Il consent. J’avais constaté, en effet, que le Français, même cultivé, ne s’intéresse guère au fait canadien-français, si on ne le lui sert que par bribes ou fragments au cours de brèves conversations, mais qu’il en va autrement si on peut lui passer, comme je disais familièrement, tout le paquet. Et par là, j’entendais l’exposé, avec une certaine ampleur, de notre histoire, de notre situation présente dans l’Empire anglais, dans un Canada officiellement bilingue, dans une province plus grande et aussi riche que la France, dont numériquement au moins nous sommes les maîtres. Et voilà donc que ce 22 février 1922, j’apporte aux Publicistes ce qui est devenu La France d’outre-mer et que j’ai publié dans le deuxième tome de Notre maître, le passé. On m’a accordé trente-cinq minutes. Je parle pendant près d’une heure. Au début, on achève de boire son café et l’on fait un peu de bruit. Je n’ai point parlé cinq minutes que l’auditoire est devenu attentif, m’écoute religieusement. L’effet dépasse et bien au-delà ce que nos amis du Comité auraient pu attendre. L’Action française (VII : 151-152, 185-186), sous le titre « Notre directeur à Paris » et « Chez les Publicistes chrétiens », publie quelques extraits de journaux de la capitale française sur la réunion. La Libre Parole ne craint pas de citer largement les passages les plus chatouilleux de la conférence et conclut : « Que de vérité utile dans tout cela et qui serait singulièrement féconde si les Français voulaient y réfléchir avec sérieux. » Dans le même journal (17 août 1922), François Veuillot veut bien dire à propos de la brochure La France d’outre-mer :

J’ai lu bien des articles et bien des ouvrages sur les origines et les développements du Canada français, sur le caractère et les idées de nos parents d’Amérique. Je ne me souviens pas d’en avoir trouvés qui, sous un plus petit volume, enferment plus de substance et de vie.

Dans le même volume de L’Action française (231-232), l’abbé Chaussé donne son rapport de la soirée. Le président de la Ligue d’Action française de France, Bernard de Vesins, occupe à table le siège en face de moi. Il réclame sur-le-champ mon texte pour publication en brochure. Publication qui est chose faite quelques jours plus tard. La France d’outre-mer connut un tirage d’au moins 10,000 exemplaires. Mes amis du Comité s’en feront un instrument de propagande.
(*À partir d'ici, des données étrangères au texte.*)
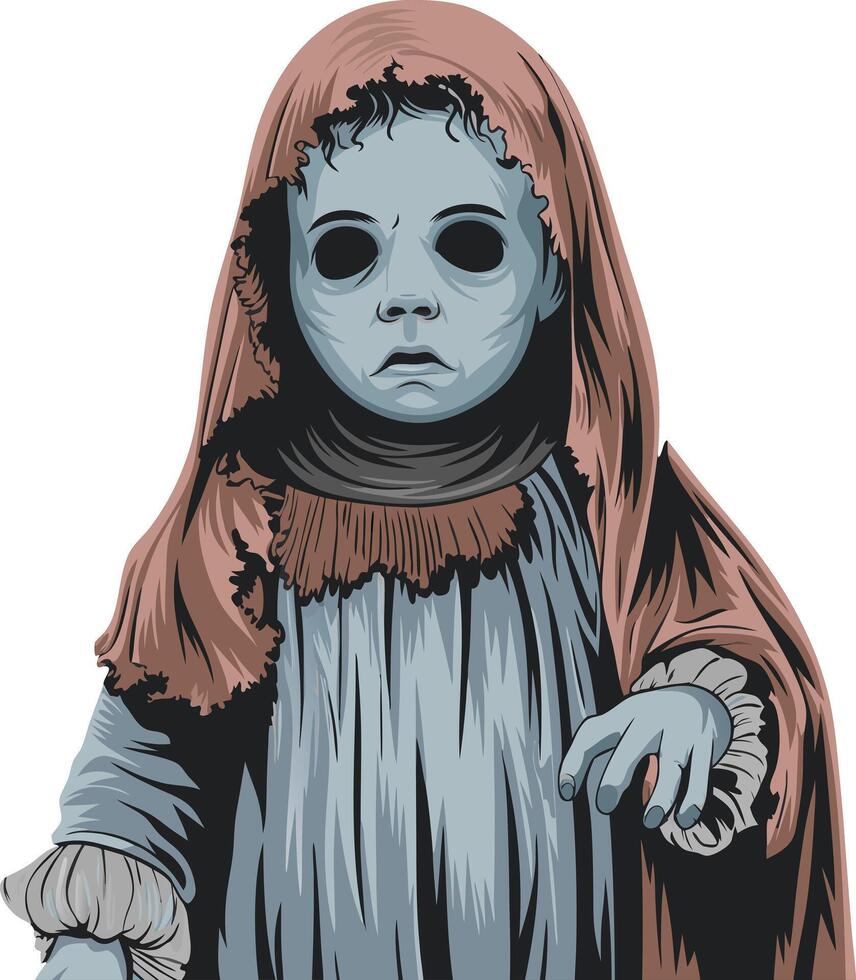 Eerie Masked Child in Hooded Cloak for Halloween Horror Theme Art vector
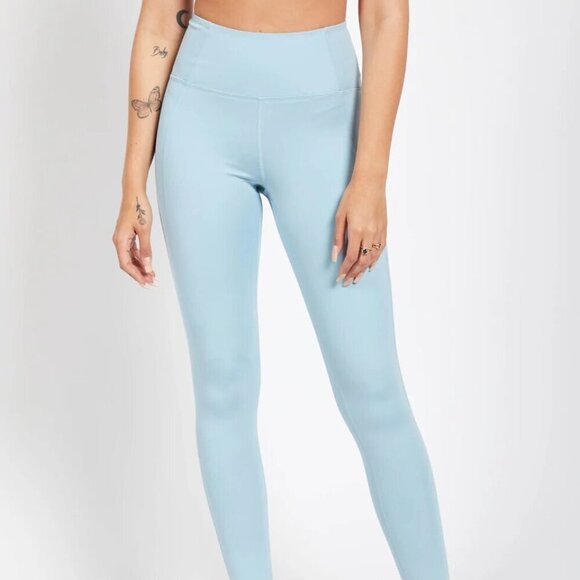 Girlfriend Collective Light Blue High Rise Leggings - Picture 1 of 5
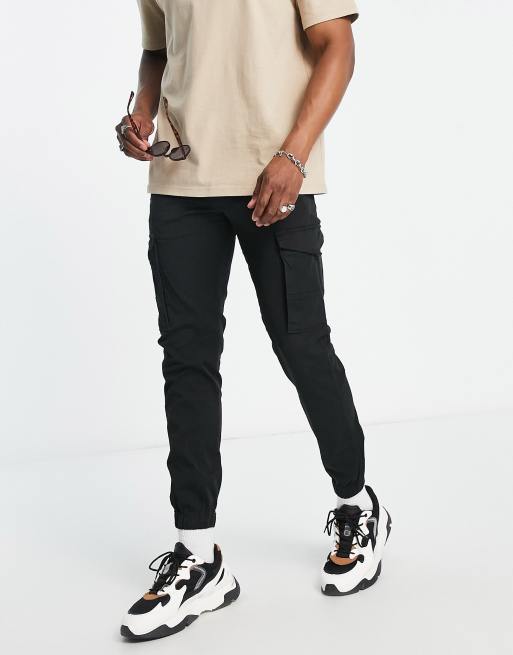 Jack & Jones Intelligence cuffed cargo pants in black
La plupart de mes collègues sont présents à la causerie, invités des Publicistes. Ils ne sont pas les moins joyeux. Ce soir-là, nous retournons ensemble à nos pensions par les rues désertes de Paris. Augustin Frigon, d’un flegme britannique et d’un patriotisme plutôt discret, exulte plus que les autres. Le Comité est lancé. Il survivra, même après mon retour au Canada, avec une nouvelle équipe. L’Action française de Montréal nous a conservé quelques échos de la propagande de nos cadets, parmi lesquels figure en tête Jean Bruchési.
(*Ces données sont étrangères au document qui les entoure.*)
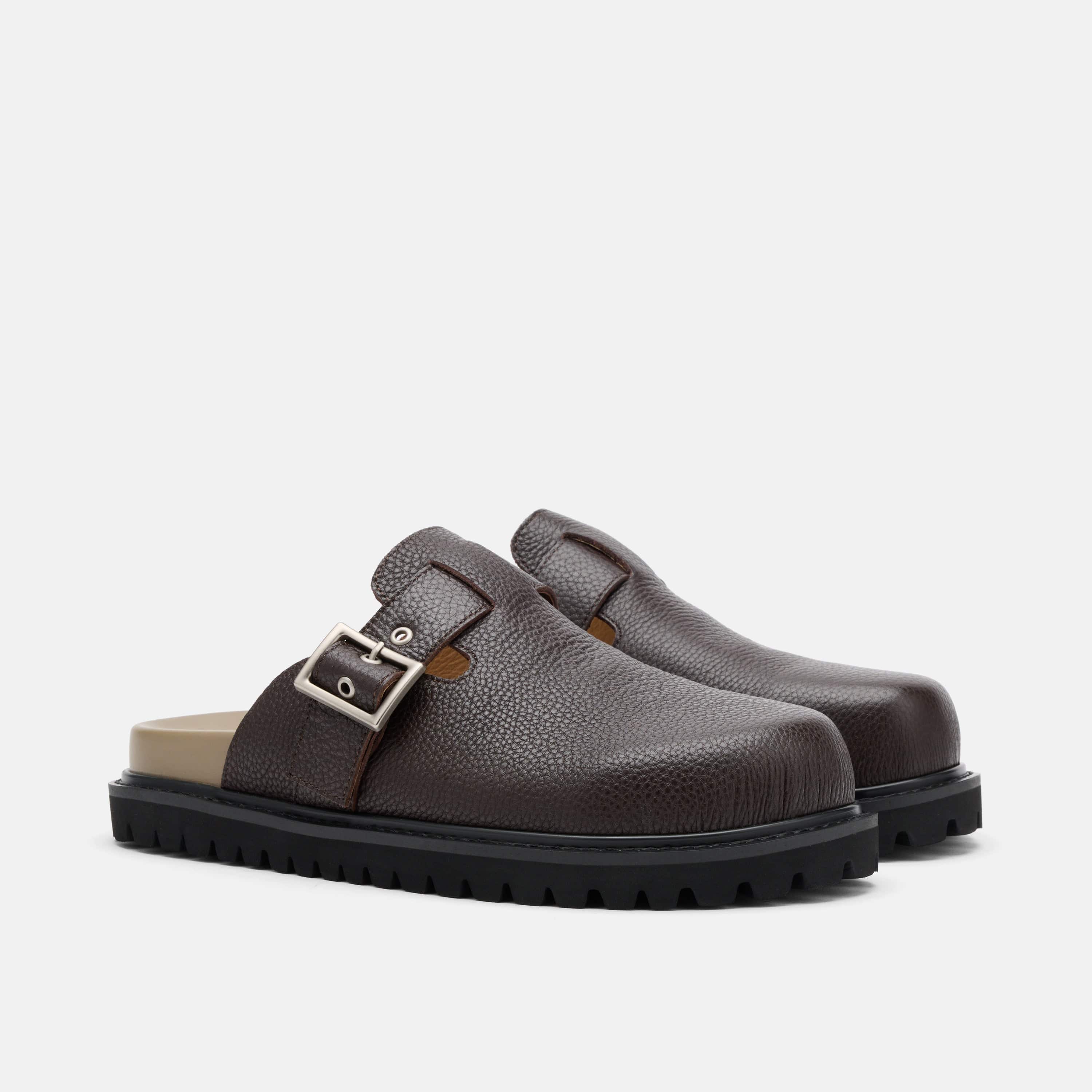 Shiloh Dark Brown Leather Clogs - Image 2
Le retour — Séjour en Angleterre

Le 4 mars 1922, à propos du printemps de France enfin venu, j’écris à mes parents :

Il y a même déjà huit ou quinze jours que, dans les jardins et les parcs, les oiseaux d’été ont fait leur apparition. Cela fait penser à d’autres grands oiseaux et que le temps d’émigrer vers l’Amérique est arrivé… Je m’embarque le 11 mai à Southampton, en Angleterre, à bord du Melita… Si nous ne sommes pas trop retardés par les brumes en mer ou à Terre-Neuve, je devrais arriver à Montréal, le samedi 20 mai… Je repasserai à Paris [après un voyage en Normandie et en Bretagne] vers la fin d’avril, pour, de là, me rendre en Angleterre, à Londres, où j’ai quelques recherches d’histoire à finir.

Je relis une lettre du 2 mai, encore à mes parents :

Je quitterai… Paris pour Londres le 4 au matin, et demain sera ma dernière journée en France. Cela me fait bien un petit toc au cœur de songer que, dans trois semaines, je verrai les rives du pays, des arbres canadiens, des visages de chez nous. J’emporte avec moi un affreux souvenir de l’hiver et du printemps parisiens… Mon espérance est de trouver enfin un peu de soleil et un peu de chaleur au Canada. Car je compte que le printemps ne vaut guère mieux en Angleterre…

Je me trompais. Je débarquai en la brumeuse Angleterre par un splendide soleil qui aurait pu être celui de Trafalgar ou de Waterloo. Le soleil, par-delà la Manche, paraissait narguer la France. Et cela dura la huitaine que j’y passai. Je devais emporter de l’Angleterre la même impression qu’en 1909, impression d’un pays courtois, accueillant. À Paris, il fallait négocier son passage d’un dépôt d’archives à un autre, comme une question d’État ou de diplomatie internationale, et se résigner à une attente de deux à trois semaines. Les choses se passeraient plus rondement de l’autre côté de la Manche. J’avais annoncé à notre préposé aux Archives, à Londres, M. Biggar, mon arrivée prochaine et l’objet des recherches que je souhaitais mener au British Museum. Le jour même de mon arrivée, j’allais rendre visite à M. Biggar. Nous convenions d’un rendez-vous au British Museum pour le lendemain matin. Le lendemain matin, au Musée, on me faisait signer une carte où j’indiquais le sujet de mes recherches, le nombre de jours que j’entendais y consacrer. Cinq minutes plus tard, j’étais installé à mon travail. Voilà comme on procède dans les pays où la démocratie ne se réduit pas à des accumulations de paperasses. J’employai le plus diligemment possible cette huitaine au British Museum. Je voulais terminer quelques recherches sur « l’Acte de Québec », sujet que j’avais traité dans mes derniers cours à l’Université de Montréal. Et, par exemple, la Révolution américaine avait-elle été, en Angleterre, vers 1774, le phénomène si soudain, si inattendu, qu’inclinait à nous le faire croire toute une école d’historiens ? Et se pouvait-il qu’elle n’eût aucunement influé sur les débats des Chambres anglaises et sur les décisions du gouvernement britannique, dans la rédaction de la célèbre « charte » à la colonie récemment conquise ? Des extraits de journaux anglais de l’époque, dont j’ai publié quelques-uns dans Notre maître, le passé (II), ont confirmé, ce me semble, ce que j’avais écrit dans mon volume Vers l’émancipation, sur les causes et origines de « l’Acte de Québec ».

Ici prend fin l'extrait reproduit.